PAR LAURELINE DUPONT
Modifié le 29/01/2017 à 14:25 – Publié le 29/01/2017
François Fillon semble avoir trouvé de quoi s’ériger une bonne fois pour toutes en candidat anti-système. À lire son interview dans le Journal du dimanchesobrement intitulée « Ces manœuvres puent la calomnie », on a le sentiment que le candidat de la droite, dans la tourmente après les révélations du Canard enchaîné sur l’emploi de son épouse en tant qu’attachée parlementaire puis comme conseillère littéraire de la Revue des deux mondes, a décidé de tout miser sur la victimisation.
Théorie du complot
Aucun doute, si l’ancien Premier ministre de Nicolas Sarkozy se retrouve aujourd’hui confronté à cette sombre histoire, c’est parce qu’il est devenu « l’homme à abattre », la victime d’un coup politique. Sinon, « comment expliquer une telle violence ? » s’interroge-t-il benoîtement. Cette idée, plusieurs personnalités dans l’entourage de Fillon tentent de la vaporiser depuis plusieurs jours dans l’air médiatique de plus en plus encombré par le « Penelopegate ». « C’est une prise d’otage à un moment extrêmement important », nous affirmait samedi Bruno Retailleau, patron du groupe LR au Sénat et coordinateur de la campagne de François Fillon. D’autres, plus audacieux, jurent même micros fermés et pèle-mêle qu’il s’agit d’un coup des sarkozystes, de François Hollande lui-même ou encore de Rachida Dati, marrie de ne pas avoir été investie dans l’ancienne circonscription parisienne de Fillon.
Mais crier à la théorie du complot présente deux inconvénients majeurs. Pour commencer, la démarche manque un peu de sérieux et apparaît souvent comme le sursaut désespéré de ceux qui sont à court d’arguments. Surtout, elle se heurte aux faits. Si l’on peut s’interroger sur le moment choisi pour mettre en lumière cette affaire, il n’empêche : le Canard et plusieurs médias avec lui ont trouvé des témoignages de Sarthois, de Saboliens, semblant découvrir l’emploi de Penelope Fillon. Michel Crépu, le directeur de la Revue des deux mondes, s’est, quant à lui, dit « sidéré » de découvrir qu’elle était salariée de son journal et Marianne a mis la main sur ses deux uniques notes de lecture. Difficile d’accuser la gauche, la droite ou quiconque.
Brut ou net ?
Le second point sur lequel François Fillon tente de se défendre concerne les salaires perçus par son épouse. Selon lui, les rémunérations évoquées sont tout simplement « fausses ». Comment justifie-t-il cette allégation ? Il y aurait, selon lui, confusion entre le brut et le net.
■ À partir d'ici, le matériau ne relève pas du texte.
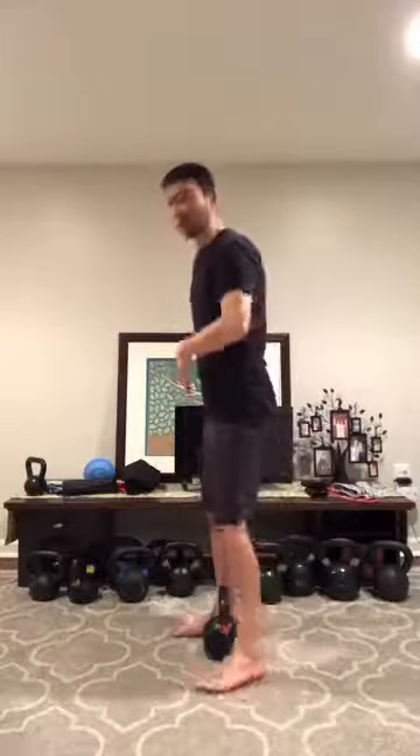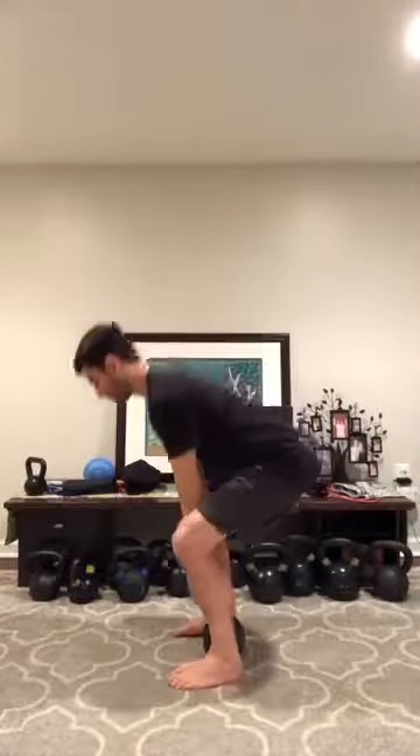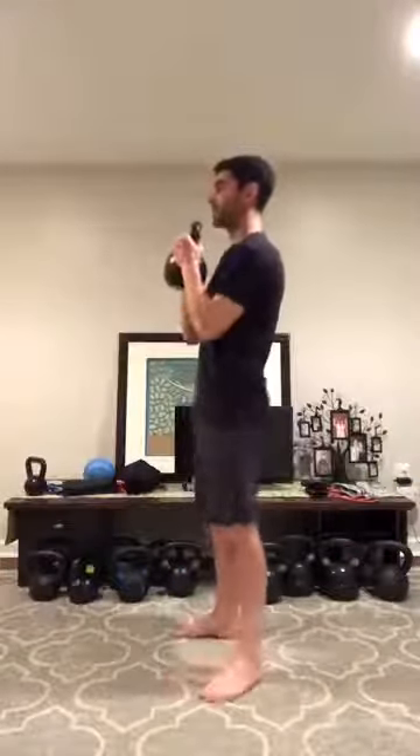We want to be directly over the kettlebell, with the kettlebell between my ankles. I'm going to hinge back and come into my deadlift position. When I stand, I'm going to stand up quickly, bend my elbows, and bring the kettlebell up to the starting position. You can also do reps of this exercise if you want, and then set up your goblet squat.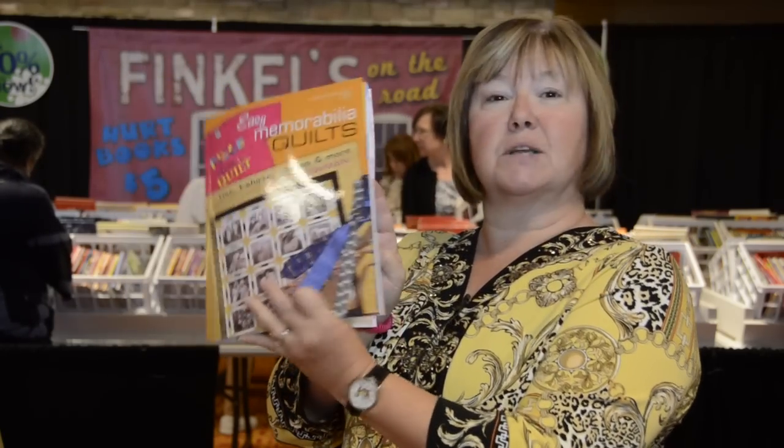It has a little bit of everything, and it's loaded with tips on how to do things and the things I've learned from years of making memory quilts.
C’est ce qu’on appelle jouer sur les chiffres. Qu’il s’agisse de brut ou de net, les électeurs ont été heurtés par les révélations des sommes perçues par Penelope Fillon. Et, de la part d’un candidat qui demande tant d’efforts aux Français, montrer si peu de remords sur les sommes versées à son épouse et, pire, sembler considérer que s’il s’agit de brut lesdites sommes n’ont rien de choquant, voilà qui fait un peu désordre.
Drôles de preuves
Autre élément étonnant, les documents remis à la justice. Depuis jeudi après-midi, moment où son avocat Antonin Lévy a fait irruption sac au dos au Parquet national financier pour remettre des pièces censées prouver l’activité de Penelope Fillon, tout le monde s’interroge sur la nature des documents. Optimistes, certains lieutenants fillonistes imaginaient qu’il s’agissait de mails, de messages, de notes démontrant l’assiduité de l’attachée parlementaire Penelope Fillon.
En une phrase dans le JDD, Fillon sème le doute et le trouble. À la question « Quel type de documents ? », le voici qui répond : « Des bulletins de salaire, notamment, pour établir les montants et les dates. » Pourquoi des bulletins de salaire ? Personne ne semblait contester que son épouse ait été rémunérée. Quant aux dates, elles ne paraissaient pas être au cœur de l’affaire et des interrogations qu’elle suscite. En se contentant de mentionner les bulletins de salaire comme preuves versées au dossier, Fillon inquiète jusque dans son propre camp.
Son meeting ce dimanche après-midi porte de la Villette devrait être l’occasion de mesurer le crédit accordé à sa défense par les cadres Républicains mais aussi par les militants.